SC - Is Arrowroot Period?

Stefan li Rous stefan at texas.net
Wed Apr 5 21:35:33 PDT 2000


Balthazar of Blackmoor said:
>  You must admit that there were many thousand 
> more cooks in the middle ages than there were cookbook authors. 

Yes, as there are today. And your point is?

> And the 
> potato was in widespread use in parts of Europe (read "Western Culture") by 
> the end of our period of interest.  Simply because it did not make it into 
> the culinary guides of the day does not mean it was not consumed regularly.  
> That is the crux of my arguement:

Now this I have to disagree with fairly strongly, at least for the potato.
The evidence just doesn't point to it.
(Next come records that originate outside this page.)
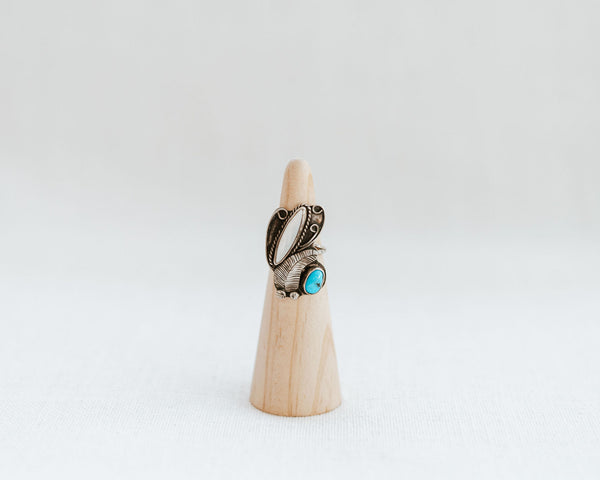 One of a Kind Mother of Pearl and Turquoise Vintage Ring
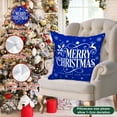 thumbnail image 6 of White and Blue 20x20 Christmas Pillow Covers Set of 4, Decorative 20 Inch Navy Winter Snowflake Throw Pillow Case Xmas Cushion Cover for Indoor House Sofa Dark Blue, 6 of 6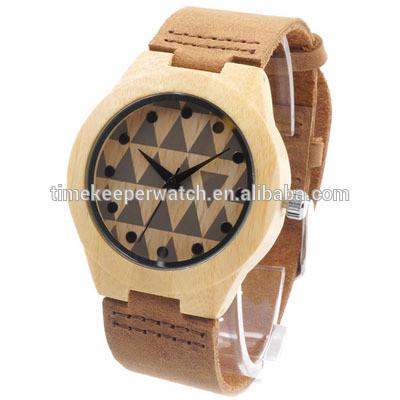 Buy cheap High Quality Women's Design Brand Luxury Wooden Wood Bamboo Watches With Real Leather Quartz Watch Wristwatch from wholesalers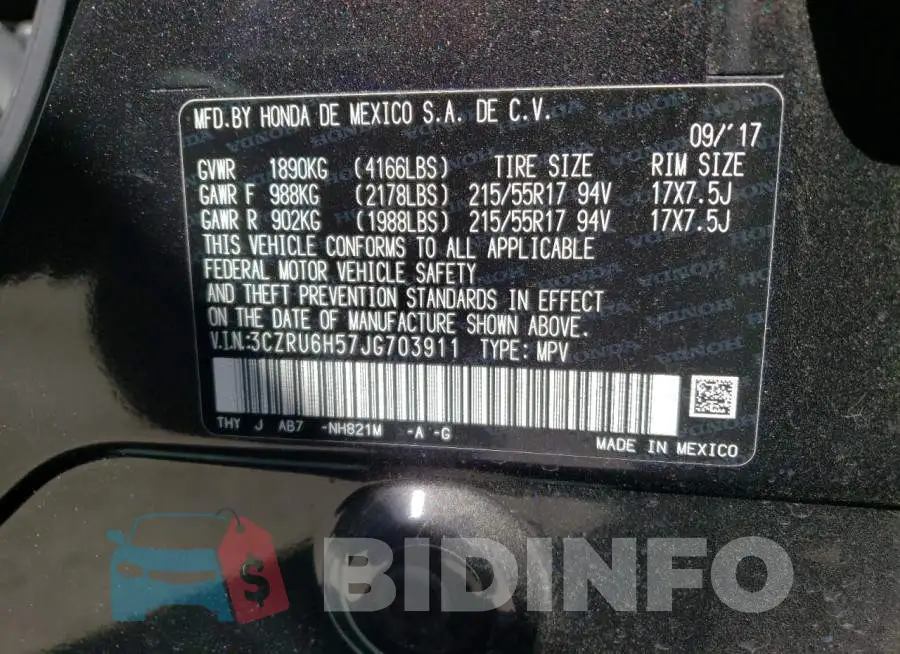 3CZRU6H57JG703911 Photo# 10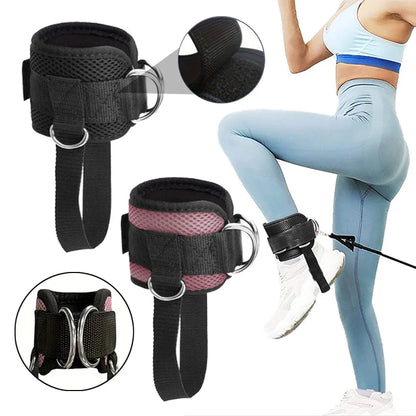 Adjustable Ankle Straps for Cable Machines – D-Ring Fitness Cuffs for Glute, Leg & Hip Workouts (1PC)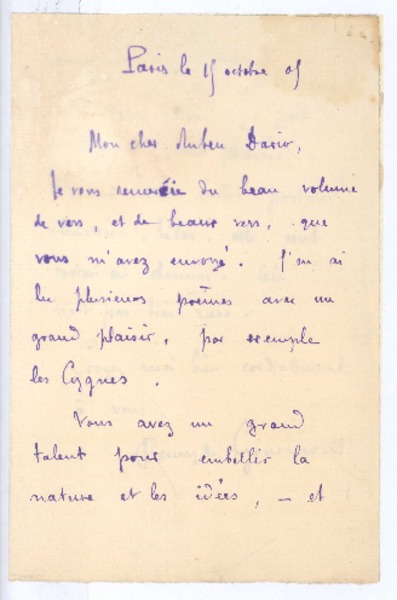 [Carta], 1909 oct. 19 Paris, Francia <a> Rubén Darío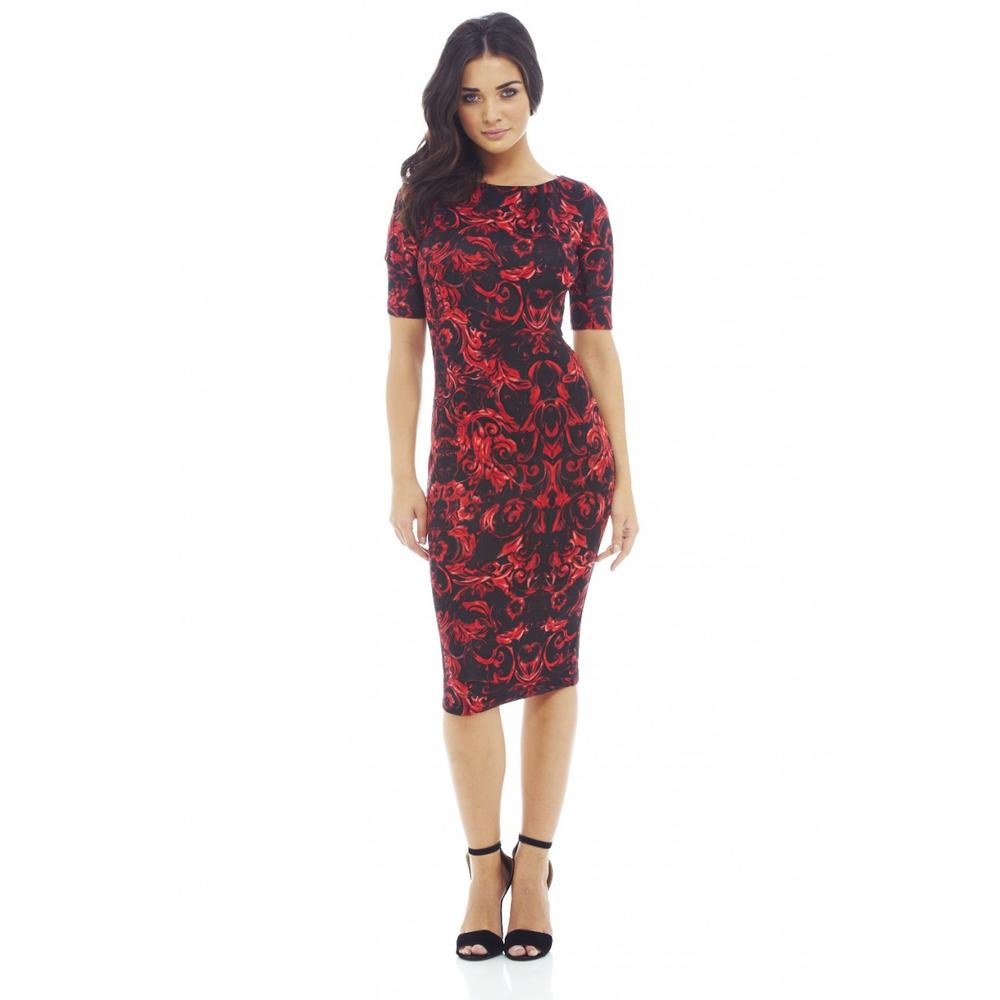 AX Paris Women's Colorful Printed Three Quarter Sleeve Red Dress - Online Exclusive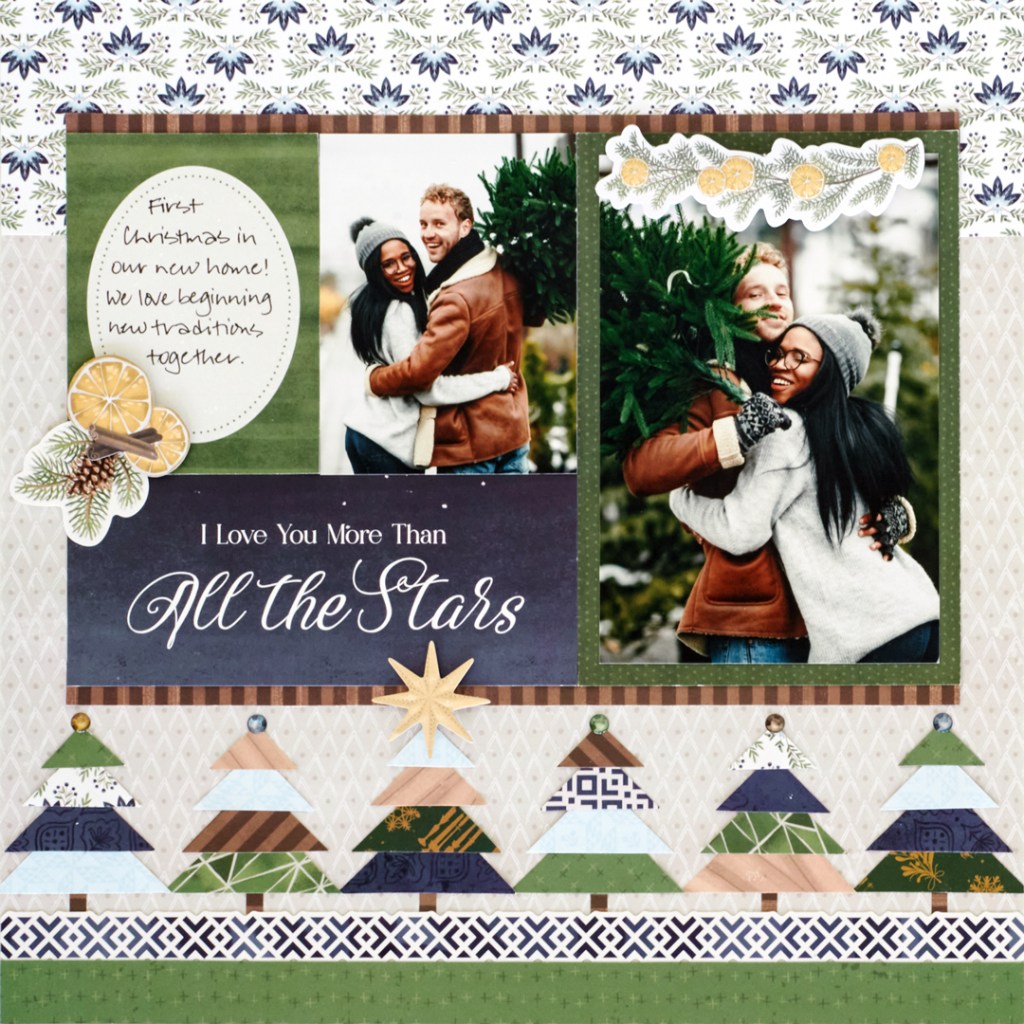 Winter themed scrapbook layout.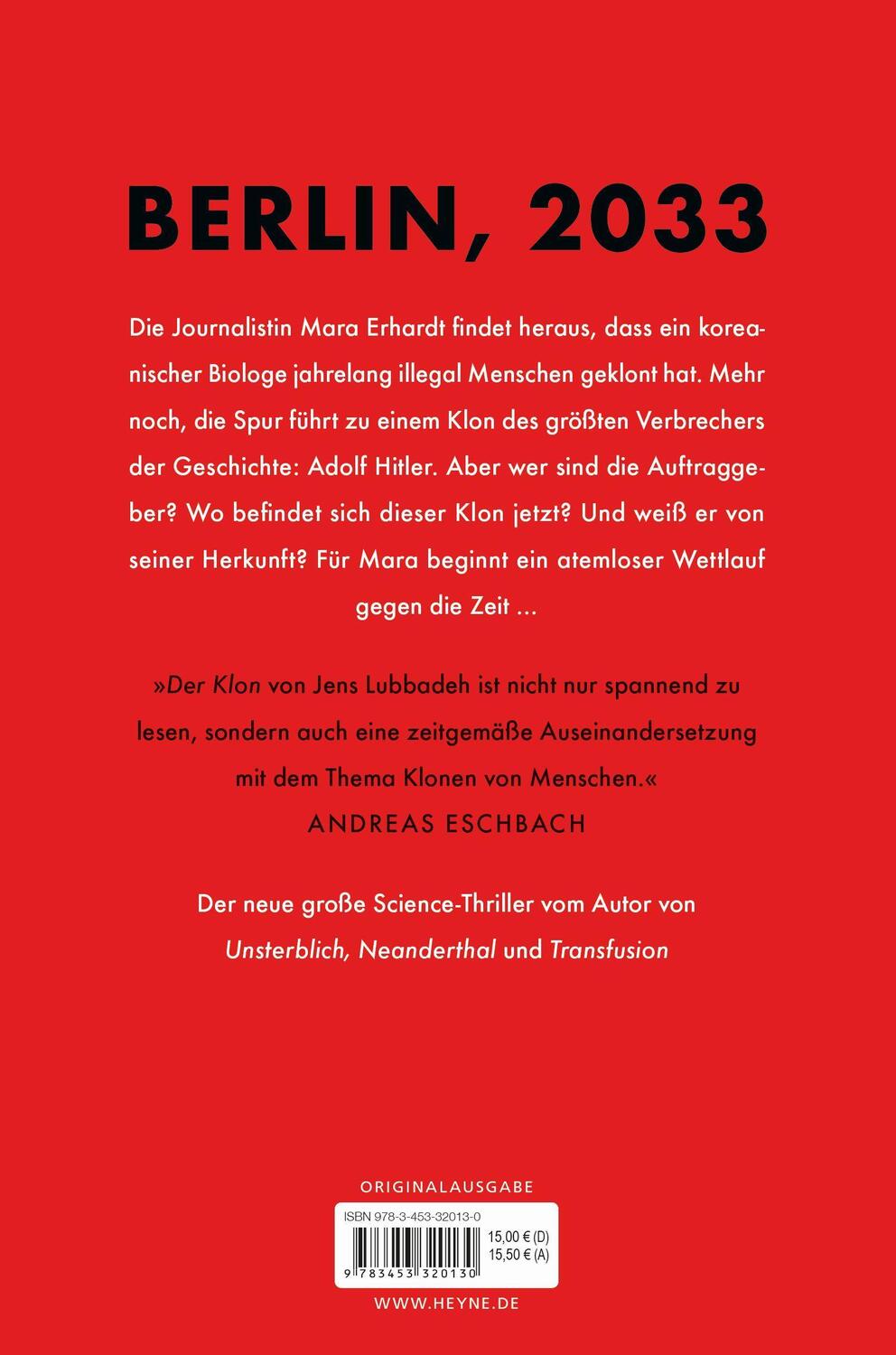 Bild: 9783453320130 | Der Klon | Roman | Jens Lubbadeh | Taschenbuch | Deutsch | 2022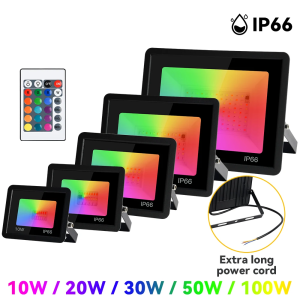 AC220V RGB LED Floodlight Reflector Outdoor Lighting 10W 20W 30W 50W 100W 150W 200W IP66 Waterproof Spotlight Landscape Lighting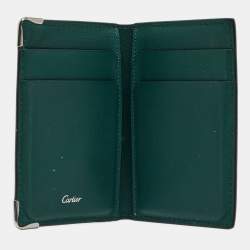 Pre Owned Cartier Green Leather Must de Cartier 6CC Card Holder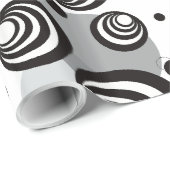3D Illusion Black and White Bold Geometric Circles ラッピングペーパー (ロールコーナー)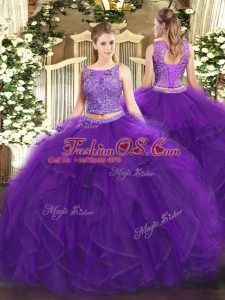 Affordable Purple Two Pieces Tulle Scoop Sleeveless Beading and Ruffles Floor Length Lace Up Vestidos de Quinceanera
There are several books on the
history of the potato. If you wish I'll dig out the biblio info on the
one I just finished reading. Even when the potato is mentioned in some of
the late period herbals and cookbooks you must be careful not to assume
the text is talking about the white potato. Often times you find out whne
you dig deeper that it is the Sweet Potato which is meant. The Sweet Potato
took off much quicker than did the white or Virginia potato.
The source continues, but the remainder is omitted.